US fast-food culture has impacted upon Mexico to such an extent that it has become the largest consumer of ultra-processed products in Latin America. By 2010, seven out of 10 Mexicans were classed as overweight amid increasing levels of obesity that have taken a heavy toll of individuals’ health amid spiralling healthcare costs. 

Even Donald Trump has called Nafta the worst deal in history, though it should be noted that he was playing to a US audience witnessing the wholesale transfer of US manufacturing jobs across the border to take advantage of far cheaper Mexican labour. 

Noam Chomsky got it just about right when he stated that “North American” was the only accurate part of an accord that was not about trade, was not free and was certainly not agreed.  

Chomsky’s comment serves to illustrate the marked difference between trade agreements and free trade agreements, a difference that is sometimes not properly understood by journalists and the wider public. The former can be simply described as consisting of an exchange of goods and services between parties for their mutually beneficial purposes while the latter are multi-faceted instruments that typically include chapters on investment that allow for foreign capital to be treated no differently to domestic bidders in the compulsory outsourcing and procurement of public services. 

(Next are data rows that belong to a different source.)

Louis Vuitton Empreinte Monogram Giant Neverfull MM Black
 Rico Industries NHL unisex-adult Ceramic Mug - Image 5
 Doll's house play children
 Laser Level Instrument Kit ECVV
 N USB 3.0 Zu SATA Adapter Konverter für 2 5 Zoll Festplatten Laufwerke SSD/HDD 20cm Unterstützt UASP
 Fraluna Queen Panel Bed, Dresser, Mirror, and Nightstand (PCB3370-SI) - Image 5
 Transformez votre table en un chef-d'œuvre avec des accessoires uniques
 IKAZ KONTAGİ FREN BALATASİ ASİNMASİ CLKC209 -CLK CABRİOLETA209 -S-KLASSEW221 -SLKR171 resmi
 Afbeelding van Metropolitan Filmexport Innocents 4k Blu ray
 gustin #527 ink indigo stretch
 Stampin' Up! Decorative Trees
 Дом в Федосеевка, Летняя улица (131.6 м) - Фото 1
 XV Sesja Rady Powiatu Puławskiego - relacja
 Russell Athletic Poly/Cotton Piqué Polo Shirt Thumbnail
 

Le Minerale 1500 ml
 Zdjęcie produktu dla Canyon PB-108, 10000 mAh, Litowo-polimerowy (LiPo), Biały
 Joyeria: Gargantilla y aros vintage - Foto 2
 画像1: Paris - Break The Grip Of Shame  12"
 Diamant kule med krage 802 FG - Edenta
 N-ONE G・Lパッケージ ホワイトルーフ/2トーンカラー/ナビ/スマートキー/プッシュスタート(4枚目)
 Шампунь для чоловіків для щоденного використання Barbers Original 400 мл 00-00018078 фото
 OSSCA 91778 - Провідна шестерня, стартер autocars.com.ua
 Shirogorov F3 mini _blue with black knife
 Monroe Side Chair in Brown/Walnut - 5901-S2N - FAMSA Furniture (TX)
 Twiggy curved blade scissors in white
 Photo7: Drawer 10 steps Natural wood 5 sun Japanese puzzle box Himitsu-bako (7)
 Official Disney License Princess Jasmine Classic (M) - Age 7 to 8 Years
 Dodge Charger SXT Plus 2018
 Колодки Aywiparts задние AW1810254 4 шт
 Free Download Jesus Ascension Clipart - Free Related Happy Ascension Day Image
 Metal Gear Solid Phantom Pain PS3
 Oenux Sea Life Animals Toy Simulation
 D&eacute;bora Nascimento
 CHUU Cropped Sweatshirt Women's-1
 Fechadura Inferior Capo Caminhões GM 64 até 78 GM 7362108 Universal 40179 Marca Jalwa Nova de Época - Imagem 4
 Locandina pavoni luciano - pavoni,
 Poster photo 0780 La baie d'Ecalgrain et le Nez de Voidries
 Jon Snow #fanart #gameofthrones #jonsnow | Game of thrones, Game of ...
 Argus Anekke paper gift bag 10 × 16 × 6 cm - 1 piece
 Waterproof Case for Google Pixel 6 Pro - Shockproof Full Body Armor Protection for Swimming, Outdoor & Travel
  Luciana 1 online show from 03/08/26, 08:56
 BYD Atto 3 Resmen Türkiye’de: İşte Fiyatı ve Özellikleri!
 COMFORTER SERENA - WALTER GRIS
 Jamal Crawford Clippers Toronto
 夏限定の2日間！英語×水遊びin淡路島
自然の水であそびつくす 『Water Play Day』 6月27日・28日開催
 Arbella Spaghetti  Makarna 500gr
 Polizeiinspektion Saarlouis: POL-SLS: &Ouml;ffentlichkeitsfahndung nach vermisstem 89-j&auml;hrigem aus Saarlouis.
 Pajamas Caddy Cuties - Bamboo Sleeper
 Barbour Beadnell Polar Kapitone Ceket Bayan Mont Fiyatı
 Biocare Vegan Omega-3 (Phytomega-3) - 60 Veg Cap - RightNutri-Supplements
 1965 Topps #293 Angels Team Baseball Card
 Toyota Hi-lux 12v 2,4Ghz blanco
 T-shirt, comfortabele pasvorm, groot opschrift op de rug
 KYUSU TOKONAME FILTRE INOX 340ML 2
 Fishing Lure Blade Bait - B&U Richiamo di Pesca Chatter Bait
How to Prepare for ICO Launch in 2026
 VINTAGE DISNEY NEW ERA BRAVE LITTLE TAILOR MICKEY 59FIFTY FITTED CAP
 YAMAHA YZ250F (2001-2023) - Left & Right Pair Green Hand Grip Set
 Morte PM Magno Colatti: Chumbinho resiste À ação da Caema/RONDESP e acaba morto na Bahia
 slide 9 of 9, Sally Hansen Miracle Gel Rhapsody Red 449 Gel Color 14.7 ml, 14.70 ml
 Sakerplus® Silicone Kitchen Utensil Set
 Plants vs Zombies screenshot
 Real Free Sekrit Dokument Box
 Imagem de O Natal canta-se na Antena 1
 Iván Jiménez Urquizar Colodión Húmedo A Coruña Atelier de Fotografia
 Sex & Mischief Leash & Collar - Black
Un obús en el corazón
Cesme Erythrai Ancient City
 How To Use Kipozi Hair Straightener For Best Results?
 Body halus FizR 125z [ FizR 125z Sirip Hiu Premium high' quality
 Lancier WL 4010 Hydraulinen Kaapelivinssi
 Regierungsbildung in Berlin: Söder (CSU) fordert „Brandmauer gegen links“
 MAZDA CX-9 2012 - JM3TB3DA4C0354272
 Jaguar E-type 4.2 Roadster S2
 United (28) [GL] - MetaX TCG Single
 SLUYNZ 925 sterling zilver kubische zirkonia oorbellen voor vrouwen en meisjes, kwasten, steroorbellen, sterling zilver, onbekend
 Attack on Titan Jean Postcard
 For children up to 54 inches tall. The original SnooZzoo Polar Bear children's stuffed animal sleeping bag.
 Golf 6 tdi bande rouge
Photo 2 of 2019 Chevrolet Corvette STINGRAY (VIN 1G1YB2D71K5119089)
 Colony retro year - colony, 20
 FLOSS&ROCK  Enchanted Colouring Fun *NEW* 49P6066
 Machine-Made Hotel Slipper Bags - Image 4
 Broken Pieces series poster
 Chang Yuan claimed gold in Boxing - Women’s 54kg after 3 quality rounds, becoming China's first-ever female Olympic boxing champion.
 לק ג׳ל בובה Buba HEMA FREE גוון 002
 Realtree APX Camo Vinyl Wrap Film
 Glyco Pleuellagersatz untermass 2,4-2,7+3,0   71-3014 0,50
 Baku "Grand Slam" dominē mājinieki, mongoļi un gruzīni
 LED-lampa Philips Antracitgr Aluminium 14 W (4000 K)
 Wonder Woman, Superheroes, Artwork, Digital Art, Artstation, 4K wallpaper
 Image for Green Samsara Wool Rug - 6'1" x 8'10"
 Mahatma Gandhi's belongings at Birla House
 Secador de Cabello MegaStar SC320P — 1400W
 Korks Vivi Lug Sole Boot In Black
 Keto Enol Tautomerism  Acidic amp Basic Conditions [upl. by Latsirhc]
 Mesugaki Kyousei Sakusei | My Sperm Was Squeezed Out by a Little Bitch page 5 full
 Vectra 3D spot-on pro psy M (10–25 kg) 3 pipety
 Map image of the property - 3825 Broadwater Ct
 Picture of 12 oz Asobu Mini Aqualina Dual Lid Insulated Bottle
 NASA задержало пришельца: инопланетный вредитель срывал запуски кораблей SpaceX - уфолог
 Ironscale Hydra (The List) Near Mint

The investment chapters can then be enforced by the inclusion of an investor-state disputes settlement mechanism (ISDS) enabling corporations to sue nation states in international tribunals that take precedent over national legal jurisdictions.

The ability of governments in poorer countries of the global South to decide future economic policy and the principles of national independence and sovereignty are severely compromised by signing FTAs with the economic powerhouses of the US or the European Union which use them to further neocolonial and exploitative foreign policies for the benefit of their corporations who have shown no hesitation in deploying ISDS to make multibillion-dollar claims against a number of states, principally in Latin America. 

The answer to the question of why they would even enter into what are clearly asymmetrical agreements that deepen their dependency on Europe and the US is that their own ruling classes often identify with the neoliberal agenda of their trading partners in the mistaken belief that there is no alternative to the export of primary products regardless of the environmental damage and labour exploitation that inevitably accompany the presence of foreign mining interests or vast acres of tropical fruit plantations on land that could be better used for the needs of their own populations. 

Moreover, it would be naive to ignore the fact that export-oriented economic activities can be extremely lucrative for local elites or that huge tracts of land are already owned by foreign transnational enterprises that stand to benefit from the removal of tariffs and quotas.

Earlier this century, there was concerted opposition to the imposition of FTAs in both the US and Europe. The Transatlantic Trade and Investment Partnership (TTIP) between the EU and the US would have established an FTA that encompassed 60 per cent of global GDP but negotiations stopped in 2016 following a huge campaign involving NGOs, civil society groups and, notably, trade unions on both sides of the Atlantic. The EU subsequently signed an FTA with Canada in 2016 which, effectively, would be a deal with USMCA, the renewed version of Nafta, though it has yet to be ratified. 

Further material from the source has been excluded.